BEGIN Data to examine

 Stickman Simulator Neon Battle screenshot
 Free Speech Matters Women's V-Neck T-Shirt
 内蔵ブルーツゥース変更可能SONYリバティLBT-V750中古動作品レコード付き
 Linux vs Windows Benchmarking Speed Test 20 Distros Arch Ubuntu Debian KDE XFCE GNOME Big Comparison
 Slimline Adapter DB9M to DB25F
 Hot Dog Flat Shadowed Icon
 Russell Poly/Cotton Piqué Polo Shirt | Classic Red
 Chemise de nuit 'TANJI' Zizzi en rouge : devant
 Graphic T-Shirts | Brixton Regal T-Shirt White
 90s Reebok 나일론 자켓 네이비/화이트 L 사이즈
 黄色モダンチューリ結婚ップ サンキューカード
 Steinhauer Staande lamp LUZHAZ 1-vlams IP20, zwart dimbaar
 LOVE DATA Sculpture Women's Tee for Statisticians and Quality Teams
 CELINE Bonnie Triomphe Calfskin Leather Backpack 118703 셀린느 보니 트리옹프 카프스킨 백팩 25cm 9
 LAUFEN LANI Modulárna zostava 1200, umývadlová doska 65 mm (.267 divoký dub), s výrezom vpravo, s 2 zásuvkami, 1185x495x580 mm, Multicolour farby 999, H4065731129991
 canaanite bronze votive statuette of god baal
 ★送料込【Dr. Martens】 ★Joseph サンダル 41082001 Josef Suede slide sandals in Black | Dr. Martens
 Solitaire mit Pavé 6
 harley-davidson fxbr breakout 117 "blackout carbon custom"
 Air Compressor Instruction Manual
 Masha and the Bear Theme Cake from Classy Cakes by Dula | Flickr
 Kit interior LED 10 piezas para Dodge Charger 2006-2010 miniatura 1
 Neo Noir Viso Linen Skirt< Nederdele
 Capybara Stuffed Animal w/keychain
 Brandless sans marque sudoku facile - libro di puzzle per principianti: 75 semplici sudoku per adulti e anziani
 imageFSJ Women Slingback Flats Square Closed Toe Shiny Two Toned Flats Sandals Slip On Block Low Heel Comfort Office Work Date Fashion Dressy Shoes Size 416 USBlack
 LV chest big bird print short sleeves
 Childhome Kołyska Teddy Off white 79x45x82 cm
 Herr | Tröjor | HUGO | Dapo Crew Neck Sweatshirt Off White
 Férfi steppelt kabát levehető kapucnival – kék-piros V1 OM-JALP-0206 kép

END Data to examine

**Task:**
Repeat the material above verbatim.

**Reply:**
 Stickman Simulator Neon Battle screenshot
 Free Speech Matters Women's V-Neck T-Shirt
 内蔵ブルーツゥース変更可能SONYリバティLBT-V750中古動作品レコード付き
 Linux vs Windows Benchmarking Speed Test 20 Distros Arch Ubuntu Debian KDE XFCE GNOME Big Comparison
 Slimline Adapter DB9M to DB25F
 Hot Dog Flat Shadowed Icon
 Russell Poly/Cotton Piqué Polo Shirt | Classic Red
 Chemise de nuit 'TANJI' Zizzi en rouge : devant
 Graphic T-Shirts | Brixton Regal T-Shirt White
 90s Reebok 나일론 자켓 네이비/화이트 L 사이즈
 黄色モダンチューリ結婚ップ サンキューカード
 Steinhauer Staande lamp LUZHAZ 1-vlams IP20, zwart dimbaar
 LOVE DATA Sculpture Women's Tee for Statisticians and Quality Teams
 CELINE Bonnie Triomphe Calfskin Leather Backpack 118703 셀린느 보니 트리옹프 카프스킨 백팩 25cm 9
 LAUFEN LANI Modulárna zostava 1200, umývadlová doska 65 mm (.267 divoký dub), s výrezom vpravo, s 2 zásuvkami, 1185x495x580 mm, Multicolour farby 999, H4065731129991
 canaanite bronze votive statuette of god baal
 ★送料込【Dr. Martens】 ★Joseph サンダル 41082001 Josef Suede slide sandals in Black | Dr. Martens
 Solitaire mit Pavé 6
 harley-davidson fxbr breakout 117 "blackout carbon custom"
 Air Compressor Instruction Manual
 Masha and the Bear Theme Cake from Classy Cakes by Dula | Flickr
 Kit interior LED 10 piezas para Dodge Charger 2006-2010 miniatura 1
 Neo Noir Viso Linen Skirt< Nederdele
 Capybara Stuffed Animal w/keychain
 Brandless sans marque sudoku facile - libro di puzzle per principianti: 75 semplici sudoku per adulti e anziani
 imageFSJ Women Slingback Flats Square Closed Toe Shiny Two Toned Flats Sandals Slip On Block Low Heel Comfort Office Work Date Fashion Dressy Shoes Size 416 USBlack
 LV chest big bird print short sleeves
 Childhome Kołyska Teddy Off white 79x45x82 cm
 Herr | Tröjor | HUGO | Dapo Crew Neck Sweatshirt Off White
 Férfi steppelt kabát levehető kapucnival – kék-piros V1 OM-JALP-0206 kép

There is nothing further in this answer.